TASK INPUTS Start Marker

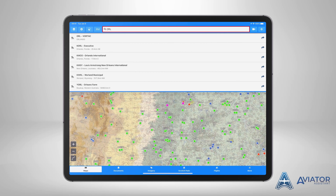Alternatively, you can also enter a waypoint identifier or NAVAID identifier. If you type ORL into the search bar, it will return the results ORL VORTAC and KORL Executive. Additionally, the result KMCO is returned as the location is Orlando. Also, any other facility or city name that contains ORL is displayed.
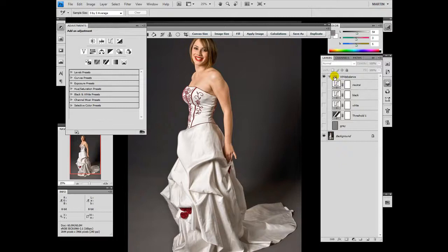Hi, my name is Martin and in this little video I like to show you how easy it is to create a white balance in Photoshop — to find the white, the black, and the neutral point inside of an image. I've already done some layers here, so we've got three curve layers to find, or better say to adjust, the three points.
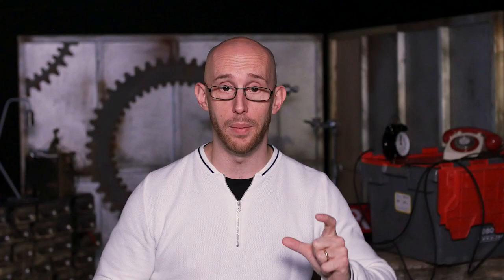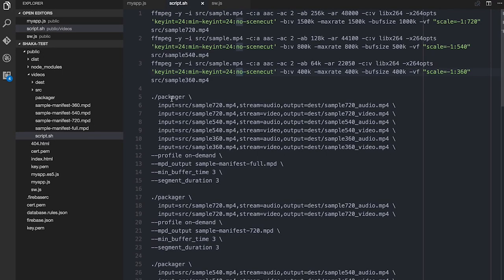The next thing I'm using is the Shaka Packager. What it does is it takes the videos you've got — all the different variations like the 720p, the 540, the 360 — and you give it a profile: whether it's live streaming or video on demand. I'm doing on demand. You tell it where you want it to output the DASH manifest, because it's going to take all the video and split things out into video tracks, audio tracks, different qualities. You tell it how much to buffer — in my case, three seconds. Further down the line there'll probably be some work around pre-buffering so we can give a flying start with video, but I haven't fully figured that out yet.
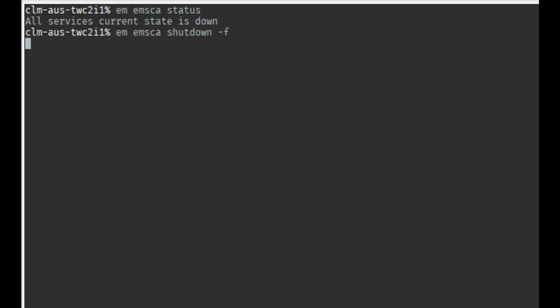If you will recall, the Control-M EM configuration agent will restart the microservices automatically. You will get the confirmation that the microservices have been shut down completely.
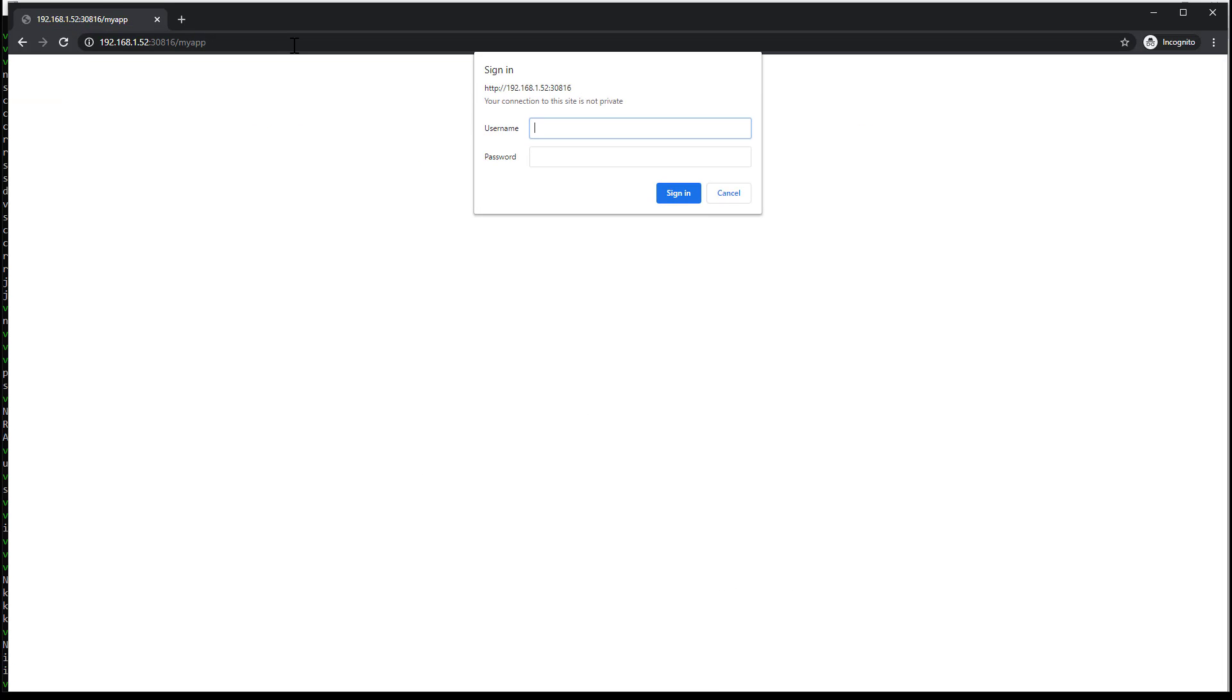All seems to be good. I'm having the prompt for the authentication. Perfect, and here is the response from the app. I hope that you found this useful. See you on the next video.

TASK INPUTS End Marker
TASK INPUTS Start Marker

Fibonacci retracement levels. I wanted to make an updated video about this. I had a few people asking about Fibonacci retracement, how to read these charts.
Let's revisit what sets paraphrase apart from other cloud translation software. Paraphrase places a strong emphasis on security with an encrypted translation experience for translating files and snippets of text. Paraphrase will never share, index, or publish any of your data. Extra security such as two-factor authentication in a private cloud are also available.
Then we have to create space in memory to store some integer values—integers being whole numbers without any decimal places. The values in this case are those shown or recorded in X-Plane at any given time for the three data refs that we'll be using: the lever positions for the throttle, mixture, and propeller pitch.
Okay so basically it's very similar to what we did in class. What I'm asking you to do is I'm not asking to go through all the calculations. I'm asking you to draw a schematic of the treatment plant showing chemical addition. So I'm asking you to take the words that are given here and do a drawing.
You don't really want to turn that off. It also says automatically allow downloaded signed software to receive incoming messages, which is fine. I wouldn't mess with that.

TASK INPUTS End Marker

• WORK INSTRUCTION: Exact copy, no pictures. Write out the lines in the entries above, starting with the line with "Alternatively, you can" and going on through the line with "Hi, my name", keeping both.

• ANSWER SPACE:
Alternatively, you can also enter a waypoint identifier or NAVAID identifier. If you type ORL into the search bar, it will return the results ORL VORTAC and KORL Executive. Additionally, the result KMCO is returned as the location is Orlando. Also, any other facility or city name that contains ORL is displayed.
Hi, my name is Martin and in this little video I like to show you how easy it is to create a white balance in Photoshop — to find the white, the black, and the neutral point inside of an image. I've already done some layers here, so we've got three curve layers to find, or better say to adjust, the three points.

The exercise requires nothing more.